In the entries that follow, the line with "Velora Facial Wipes" opens the range and the line with "PA license plate KLN0028" closes it; repeat that range exactly, both lines included.

** Opening Supplied material block **

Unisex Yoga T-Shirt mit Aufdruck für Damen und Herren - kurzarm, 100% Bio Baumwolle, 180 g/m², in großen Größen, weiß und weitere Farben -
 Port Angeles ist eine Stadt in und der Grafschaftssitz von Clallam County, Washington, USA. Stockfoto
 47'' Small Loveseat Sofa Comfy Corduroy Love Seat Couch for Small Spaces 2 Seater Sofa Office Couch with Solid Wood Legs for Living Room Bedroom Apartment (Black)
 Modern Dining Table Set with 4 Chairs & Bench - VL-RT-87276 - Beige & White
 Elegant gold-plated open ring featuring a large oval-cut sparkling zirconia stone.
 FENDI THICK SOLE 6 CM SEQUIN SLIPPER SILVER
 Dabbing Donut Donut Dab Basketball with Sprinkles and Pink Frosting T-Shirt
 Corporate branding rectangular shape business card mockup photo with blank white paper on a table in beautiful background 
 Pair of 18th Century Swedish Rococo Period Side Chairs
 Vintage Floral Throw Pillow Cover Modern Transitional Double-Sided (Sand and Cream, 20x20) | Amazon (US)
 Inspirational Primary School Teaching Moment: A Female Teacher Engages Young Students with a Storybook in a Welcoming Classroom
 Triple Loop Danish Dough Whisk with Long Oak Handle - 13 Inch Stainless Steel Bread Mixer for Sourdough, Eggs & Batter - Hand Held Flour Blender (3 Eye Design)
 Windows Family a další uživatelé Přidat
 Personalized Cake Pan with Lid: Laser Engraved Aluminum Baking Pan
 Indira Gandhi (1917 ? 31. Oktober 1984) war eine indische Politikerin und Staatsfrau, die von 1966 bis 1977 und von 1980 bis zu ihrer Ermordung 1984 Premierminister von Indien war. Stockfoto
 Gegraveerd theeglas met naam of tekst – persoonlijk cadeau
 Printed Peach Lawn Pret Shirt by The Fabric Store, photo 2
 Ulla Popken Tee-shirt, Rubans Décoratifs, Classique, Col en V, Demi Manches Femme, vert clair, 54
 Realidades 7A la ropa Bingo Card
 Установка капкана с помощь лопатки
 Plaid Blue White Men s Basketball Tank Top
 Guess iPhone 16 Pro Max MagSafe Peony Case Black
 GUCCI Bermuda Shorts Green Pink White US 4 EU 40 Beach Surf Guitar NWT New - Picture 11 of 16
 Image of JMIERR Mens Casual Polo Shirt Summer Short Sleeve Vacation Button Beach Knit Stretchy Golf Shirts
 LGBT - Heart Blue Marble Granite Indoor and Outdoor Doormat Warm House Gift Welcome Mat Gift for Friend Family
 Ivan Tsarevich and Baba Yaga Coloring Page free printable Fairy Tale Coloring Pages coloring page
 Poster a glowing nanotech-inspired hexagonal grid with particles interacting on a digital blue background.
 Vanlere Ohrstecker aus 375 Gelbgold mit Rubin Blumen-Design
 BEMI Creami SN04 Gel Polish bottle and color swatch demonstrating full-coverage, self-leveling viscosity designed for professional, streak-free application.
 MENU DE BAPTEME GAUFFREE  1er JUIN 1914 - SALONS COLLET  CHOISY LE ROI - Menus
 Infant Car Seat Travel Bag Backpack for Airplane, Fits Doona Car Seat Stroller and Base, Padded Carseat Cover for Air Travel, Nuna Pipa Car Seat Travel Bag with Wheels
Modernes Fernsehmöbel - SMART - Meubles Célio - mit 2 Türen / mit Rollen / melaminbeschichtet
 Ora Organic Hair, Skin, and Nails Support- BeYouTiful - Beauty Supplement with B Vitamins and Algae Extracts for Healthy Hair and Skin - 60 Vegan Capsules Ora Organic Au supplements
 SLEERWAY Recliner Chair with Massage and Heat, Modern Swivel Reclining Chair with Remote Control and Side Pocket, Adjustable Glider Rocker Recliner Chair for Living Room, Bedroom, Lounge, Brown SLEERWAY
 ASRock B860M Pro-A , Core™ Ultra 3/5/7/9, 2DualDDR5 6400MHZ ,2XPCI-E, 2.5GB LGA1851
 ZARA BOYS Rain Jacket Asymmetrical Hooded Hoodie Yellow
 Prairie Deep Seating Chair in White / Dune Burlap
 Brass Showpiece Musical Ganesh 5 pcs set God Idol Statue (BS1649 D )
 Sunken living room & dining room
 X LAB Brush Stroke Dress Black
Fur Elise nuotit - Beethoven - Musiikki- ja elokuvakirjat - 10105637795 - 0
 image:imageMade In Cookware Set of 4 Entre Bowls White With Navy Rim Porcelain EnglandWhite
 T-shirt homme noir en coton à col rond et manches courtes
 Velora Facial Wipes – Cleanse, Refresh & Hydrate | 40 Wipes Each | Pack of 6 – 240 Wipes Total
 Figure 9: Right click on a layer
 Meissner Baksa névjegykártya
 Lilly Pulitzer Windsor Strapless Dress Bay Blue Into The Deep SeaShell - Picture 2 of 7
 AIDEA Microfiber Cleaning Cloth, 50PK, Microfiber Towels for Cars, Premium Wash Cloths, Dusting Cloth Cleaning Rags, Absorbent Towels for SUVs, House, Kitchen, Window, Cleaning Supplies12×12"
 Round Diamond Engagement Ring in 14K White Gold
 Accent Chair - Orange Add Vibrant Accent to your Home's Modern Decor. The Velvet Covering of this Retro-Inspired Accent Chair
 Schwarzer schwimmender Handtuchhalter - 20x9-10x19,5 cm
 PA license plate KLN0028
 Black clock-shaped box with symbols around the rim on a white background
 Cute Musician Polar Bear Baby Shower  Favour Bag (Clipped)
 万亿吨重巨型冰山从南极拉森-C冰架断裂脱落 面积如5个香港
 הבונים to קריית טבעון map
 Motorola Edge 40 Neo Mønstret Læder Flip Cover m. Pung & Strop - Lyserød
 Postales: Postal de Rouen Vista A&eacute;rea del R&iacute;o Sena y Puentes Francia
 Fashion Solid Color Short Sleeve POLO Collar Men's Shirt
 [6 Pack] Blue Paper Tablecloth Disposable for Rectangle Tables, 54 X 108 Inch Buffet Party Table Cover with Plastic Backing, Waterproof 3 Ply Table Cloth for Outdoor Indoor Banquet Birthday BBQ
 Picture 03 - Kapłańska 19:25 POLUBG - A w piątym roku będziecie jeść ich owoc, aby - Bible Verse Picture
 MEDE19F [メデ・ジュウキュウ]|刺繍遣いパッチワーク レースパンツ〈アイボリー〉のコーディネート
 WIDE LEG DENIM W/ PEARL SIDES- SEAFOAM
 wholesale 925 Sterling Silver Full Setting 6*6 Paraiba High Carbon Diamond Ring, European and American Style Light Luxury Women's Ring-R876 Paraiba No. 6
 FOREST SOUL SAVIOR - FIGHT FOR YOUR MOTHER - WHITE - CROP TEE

** Closing Supplied material block **

(Exercise response)
 Velora Facial Wipes – Cleanse, Refresh & Hydrate | 40 Wipes Each | Pack of 6 – 240 Wipes Total
 Figure 9: Right click on a layer
 Meissner Baksa névjegykártya
 Lilly Pulitzer Windsor Strapless Dress Bay Blue Into The Deep SeaShell - Picture 2 of 7
 AIDEA Microfiber Cleaning Cloth, 50PK, Microfiber Towels for Cars, Premium Wash Cloths, Dusting Cloth Cleaning Rags, Absorbent Towels for SUVs, House, Kitchen, Window, Cleaning Supplies12×12"
 Round Diamond Engagement Ring in 14K White Gold
 Accent Chair - Orange Add Vibrant Accent to your Home's Modern Decor. The Velvet Covering of this Retro-Inspired Accent Chair
 Schwarzer schwimmender Handtuchhalter - 20x9-10x19,5 cm
 PA license plate KLN0028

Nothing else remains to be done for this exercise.